Speaking of eye-catching, David Rubín’s artistic style effortlessly ebbs and flows here alongside Lemire’s story, switching from rapid-fire panels and smooth, creative layouts during the exposition portions of the story to larger frames and daring double-page spreads for the key storyline beats. It’s a textbook example of writer and artist working in perfect harmony, and while Rubín’s style is a lot slicker and a little more cartoony than the unkempt energy of Dean Ormston’s work in the main series, we lose little of the ‘edge’ of Spiral City during the course of Lucy’s investigation.
The story itself is fairly straightforward, but we do get to find out a little more about Sherlock Frankenstein himself as Lucy pays a visit to Spiral Asylum for the Criminally Insane and its surly, ex-hero prison guard to question a few of Sherlock’s henchmen about his whereabouts. There’s a mixture of dry humour and storyline gravitas that has become one of Lemire’s calling cards, and the supporting characters he introduces here – including Mectoplasm, who pretty much steal the issue on his own – each feel like they could be fleshed out into their own series without too much extra effort.

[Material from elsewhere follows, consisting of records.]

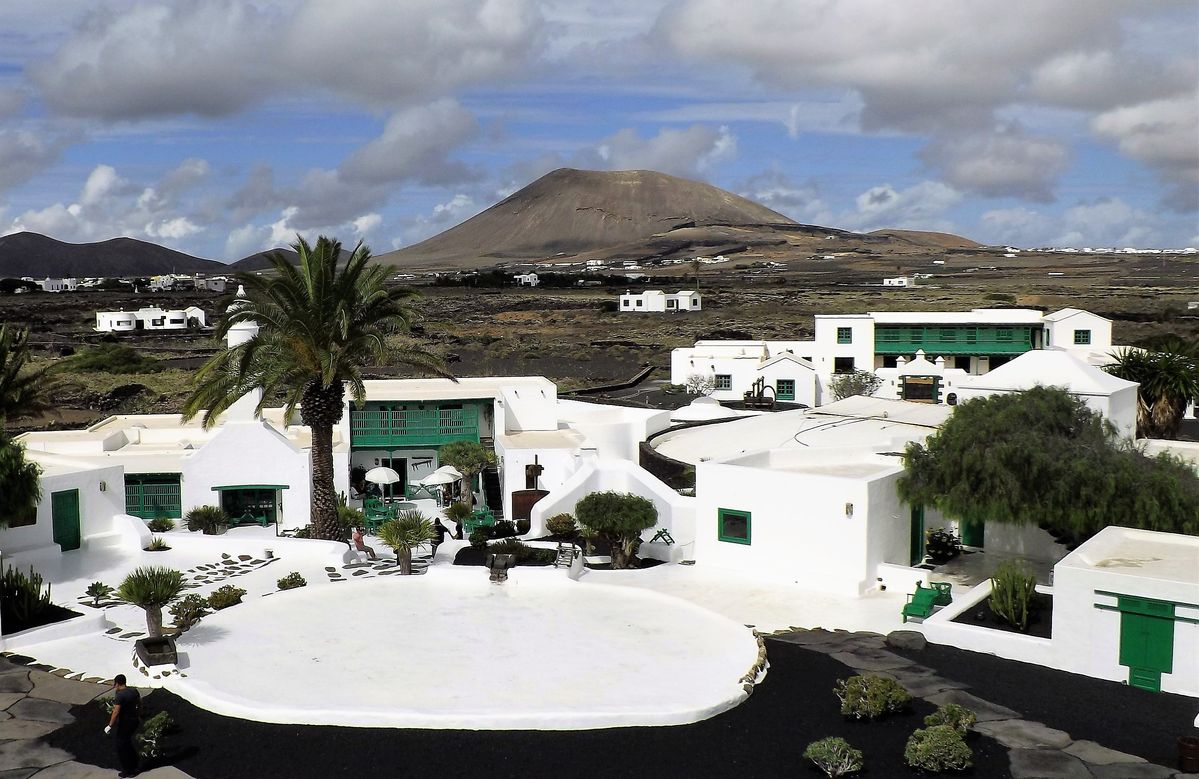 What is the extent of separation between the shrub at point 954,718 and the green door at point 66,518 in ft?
57.8

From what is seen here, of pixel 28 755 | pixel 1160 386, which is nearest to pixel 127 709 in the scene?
pixel 28 755

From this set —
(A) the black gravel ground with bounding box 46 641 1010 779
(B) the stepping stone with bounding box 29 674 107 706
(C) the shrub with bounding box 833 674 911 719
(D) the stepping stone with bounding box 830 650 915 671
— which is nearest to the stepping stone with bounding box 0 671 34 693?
(B) the stepping stone with bounding box 29 674 107 706

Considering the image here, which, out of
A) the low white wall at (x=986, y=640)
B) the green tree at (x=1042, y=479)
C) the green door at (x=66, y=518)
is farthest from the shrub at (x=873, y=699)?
the green door at (x=66, y=518)

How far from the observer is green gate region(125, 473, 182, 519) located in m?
28.2

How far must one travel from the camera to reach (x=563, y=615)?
1692 centimetres

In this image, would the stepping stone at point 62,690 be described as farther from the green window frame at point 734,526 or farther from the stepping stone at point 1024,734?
the green window frame at point 734,526

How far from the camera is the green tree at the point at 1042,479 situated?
732 inches

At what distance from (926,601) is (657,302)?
97195 millimetres

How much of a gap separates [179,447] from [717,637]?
21502 millimetres

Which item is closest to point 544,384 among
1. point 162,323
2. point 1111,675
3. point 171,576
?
point 171,576

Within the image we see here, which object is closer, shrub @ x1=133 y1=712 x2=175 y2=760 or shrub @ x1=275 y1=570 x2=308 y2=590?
shrub @ x1=133 y1=712 x2=175 y2=760

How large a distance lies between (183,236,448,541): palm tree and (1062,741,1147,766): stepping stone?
16.6m

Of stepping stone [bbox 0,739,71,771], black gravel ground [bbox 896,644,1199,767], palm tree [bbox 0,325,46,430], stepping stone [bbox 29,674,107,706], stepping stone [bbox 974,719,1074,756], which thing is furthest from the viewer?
palm tree [bbox 0,325,46,430]

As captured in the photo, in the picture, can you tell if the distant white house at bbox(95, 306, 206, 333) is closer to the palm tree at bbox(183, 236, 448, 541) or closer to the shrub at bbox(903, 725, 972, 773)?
the palm tree at bbox(183, 236, 448, 541) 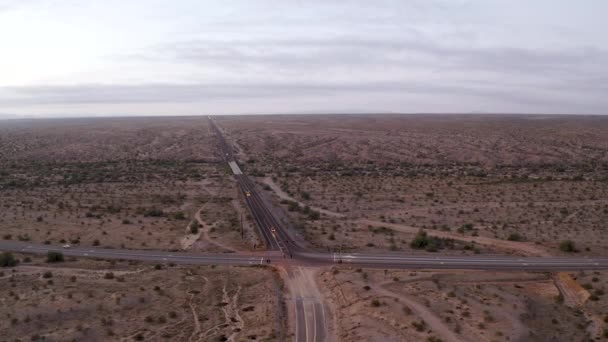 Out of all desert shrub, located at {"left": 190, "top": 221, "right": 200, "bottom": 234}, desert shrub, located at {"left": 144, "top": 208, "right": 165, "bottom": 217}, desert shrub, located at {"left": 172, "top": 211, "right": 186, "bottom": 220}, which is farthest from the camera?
desert shrub, located at {"left": 144, "top": 208, "right": 165, "bottom": 217}

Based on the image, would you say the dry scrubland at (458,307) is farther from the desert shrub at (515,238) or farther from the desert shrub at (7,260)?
the desert shrub at (7,260)

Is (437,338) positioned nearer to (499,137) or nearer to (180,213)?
(180,213)

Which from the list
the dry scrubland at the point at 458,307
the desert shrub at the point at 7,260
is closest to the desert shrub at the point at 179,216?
the desert shrub at the point at 7,260

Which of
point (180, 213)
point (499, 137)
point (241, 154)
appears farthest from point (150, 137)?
point (499, 137)

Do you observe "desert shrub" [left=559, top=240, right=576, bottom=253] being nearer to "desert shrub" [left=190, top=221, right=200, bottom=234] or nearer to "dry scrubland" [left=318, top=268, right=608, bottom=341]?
"dry scrubland" [left=318, top=268, right=608, bottom=341]

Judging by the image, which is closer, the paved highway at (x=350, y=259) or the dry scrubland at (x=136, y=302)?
the dry scrubland at (x=136, y=302)

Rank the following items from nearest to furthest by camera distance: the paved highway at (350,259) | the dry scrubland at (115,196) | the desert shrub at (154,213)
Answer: the paved highway at (350,259), the dry scrubland at (115,196), the desert shrub at (154,213)

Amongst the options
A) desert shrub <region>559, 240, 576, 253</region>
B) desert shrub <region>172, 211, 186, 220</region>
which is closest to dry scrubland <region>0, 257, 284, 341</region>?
desert shrub <region>172, 211, 186, 220</region>
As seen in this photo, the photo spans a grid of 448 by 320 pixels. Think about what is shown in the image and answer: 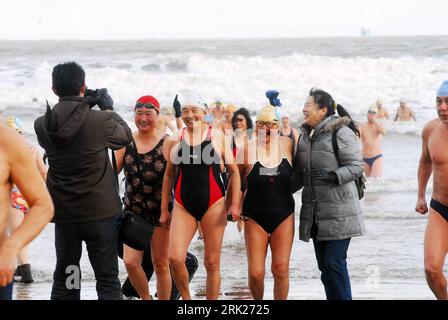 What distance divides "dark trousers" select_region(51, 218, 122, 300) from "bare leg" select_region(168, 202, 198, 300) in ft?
2.61

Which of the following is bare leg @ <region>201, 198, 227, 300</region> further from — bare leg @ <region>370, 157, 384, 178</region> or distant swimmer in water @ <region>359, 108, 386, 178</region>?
bare leg @ <region>370, 157, 384, 178</region>

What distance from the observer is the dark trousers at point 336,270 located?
7.00m

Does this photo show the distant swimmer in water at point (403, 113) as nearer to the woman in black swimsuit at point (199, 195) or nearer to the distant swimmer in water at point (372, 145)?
the distant swimmer in water at point (372, 145)

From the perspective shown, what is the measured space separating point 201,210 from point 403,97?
3085cm

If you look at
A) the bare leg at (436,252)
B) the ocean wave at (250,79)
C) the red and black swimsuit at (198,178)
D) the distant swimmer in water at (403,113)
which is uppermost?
the red and black swimsuit at (198,178)

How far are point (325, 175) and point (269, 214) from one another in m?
0.52

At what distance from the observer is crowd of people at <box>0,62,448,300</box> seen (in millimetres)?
6328

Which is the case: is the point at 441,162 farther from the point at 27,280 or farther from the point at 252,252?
the point at 27,280

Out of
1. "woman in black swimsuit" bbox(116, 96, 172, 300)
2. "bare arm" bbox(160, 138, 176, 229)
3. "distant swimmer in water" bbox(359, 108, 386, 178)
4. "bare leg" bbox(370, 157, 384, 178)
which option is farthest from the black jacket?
"bare leg" bbox(370, 157, 384, 178)

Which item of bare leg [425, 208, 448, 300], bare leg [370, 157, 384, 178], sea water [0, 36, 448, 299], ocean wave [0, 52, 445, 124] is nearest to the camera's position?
bare leg [425, 208, 448, 300]

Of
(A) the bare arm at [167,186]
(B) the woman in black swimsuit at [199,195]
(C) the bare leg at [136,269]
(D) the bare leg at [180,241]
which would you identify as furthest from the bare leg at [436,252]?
(C) the bare leg at [136,269]

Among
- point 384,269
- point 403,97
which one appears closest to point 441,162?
point 384,269

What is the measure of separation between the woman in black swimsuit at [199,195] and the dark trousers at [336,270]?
0.76m

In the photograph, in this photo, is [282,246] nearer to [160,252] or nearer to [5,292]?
[160,252] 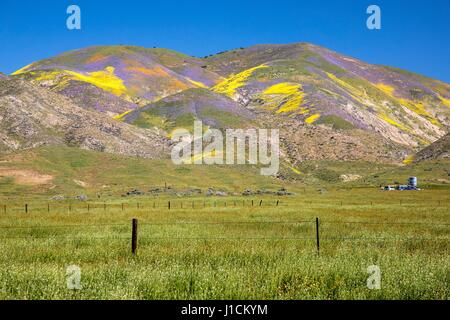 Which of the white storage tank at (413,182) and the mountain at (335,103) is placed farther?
the mountain at (335,103)

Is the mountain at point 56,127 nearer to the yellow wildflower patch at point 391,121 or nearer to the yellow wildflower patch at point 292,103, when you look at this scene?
the yellow wildflower patch at point 292,103

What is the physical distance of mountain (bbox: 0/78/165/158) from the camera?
313 ft

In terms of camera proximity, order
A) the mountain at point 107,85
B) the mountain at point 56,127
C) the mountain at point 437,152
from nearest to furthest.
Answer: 1. the mountain at point 56,127
2. the mountain at point 437,152
3. the mountain at point 107,85

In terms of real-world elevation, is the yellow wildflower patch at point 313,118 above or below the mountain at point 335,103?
below

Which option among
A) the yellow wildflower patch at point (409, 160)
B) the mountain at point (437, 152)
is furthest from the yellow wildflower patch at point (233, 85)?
the mountain at point (437, 152)

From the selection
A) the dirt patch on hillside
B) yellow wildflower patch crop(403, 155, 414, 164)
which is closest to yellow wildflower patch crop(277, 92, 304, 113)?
yellow wildflower patch crop(403, 155, 414, 164)

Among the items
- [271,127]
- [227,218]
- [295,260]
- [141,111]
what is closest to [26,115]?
[141,111]

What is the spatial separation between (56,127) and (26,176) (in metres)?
29.6

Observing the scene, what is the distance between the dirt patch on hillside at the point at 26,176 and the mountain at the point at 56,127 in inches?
592

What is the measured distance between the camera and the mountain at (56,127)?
95500mm

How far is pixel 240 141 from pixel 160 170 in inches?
1122

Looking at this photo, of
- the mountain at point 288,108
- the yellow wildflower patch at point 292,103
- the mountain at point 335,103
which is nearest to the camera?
the mountain at point 288,108

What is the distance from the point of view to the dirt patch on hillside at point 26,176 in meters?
73.5

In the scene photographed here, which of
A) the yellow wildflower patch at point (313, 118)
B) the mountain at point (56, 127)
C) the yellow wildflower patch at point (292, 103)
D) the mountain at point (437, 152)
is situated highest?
the yellow wildflower patch at point (292, 103) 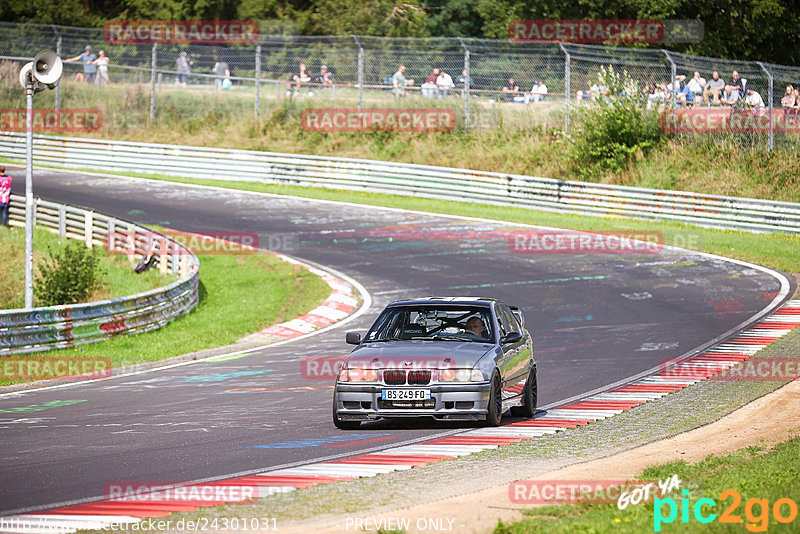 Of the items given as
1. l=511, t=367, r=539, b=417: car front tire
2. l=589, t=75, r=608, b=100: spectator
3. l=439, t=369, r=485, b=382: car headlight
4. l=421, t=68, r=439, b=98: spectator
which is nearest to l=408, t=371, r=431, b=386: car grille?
l=439, t=369, r=485, b=382: car headlight

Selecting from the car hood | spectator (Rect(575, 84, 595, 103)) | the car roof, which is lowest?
the car hood

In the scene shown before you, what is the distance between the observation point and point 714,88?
Answer: 3303cm

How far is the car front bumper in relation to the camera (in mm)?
11133

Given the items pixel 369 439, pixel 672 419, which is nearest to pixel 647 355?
pixel 672 419

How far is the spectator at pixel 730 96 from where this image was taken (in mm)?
32484

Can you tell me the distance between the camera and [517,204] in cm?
3450

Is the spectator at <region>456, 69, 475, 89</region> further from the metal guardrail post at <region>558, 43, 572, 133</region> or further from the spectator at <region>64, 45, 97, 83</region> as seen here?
the spectator at <region>64, 45, 97, 83</region>

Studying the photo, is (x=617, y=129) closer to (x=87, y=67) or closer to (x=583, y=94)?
(x=583, y=94)

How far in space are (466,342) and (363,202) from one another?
23400 millimetres

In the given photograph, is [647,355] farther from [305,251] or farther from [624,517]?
[305,251]

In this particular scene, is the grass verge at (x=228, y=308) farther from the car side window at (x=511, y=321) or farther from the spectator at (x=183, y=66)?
the spectator at (x=183, y=66)

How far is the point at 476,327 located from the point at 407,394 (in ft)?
5.01

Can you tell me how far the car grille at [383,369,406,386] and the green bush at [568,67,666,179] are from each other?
26130mm

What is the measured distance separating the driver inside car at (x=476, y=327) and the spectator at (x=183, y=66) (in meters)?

It’s a simple premise and, as I mentioned above, is ultimately an exercise in world-building rather than providing any real unsolved mystery (we know where her dad is, after all). But watching Lemire and Rubin working together to add yet more flavour to one of the better developed comic book worlds in a long time is nothing less than an absolute joy. More Black Hammer is always a good thing, but with Lemire and Rubín at the helm, pouring their passion into this project, this new series is poised to become a great thing.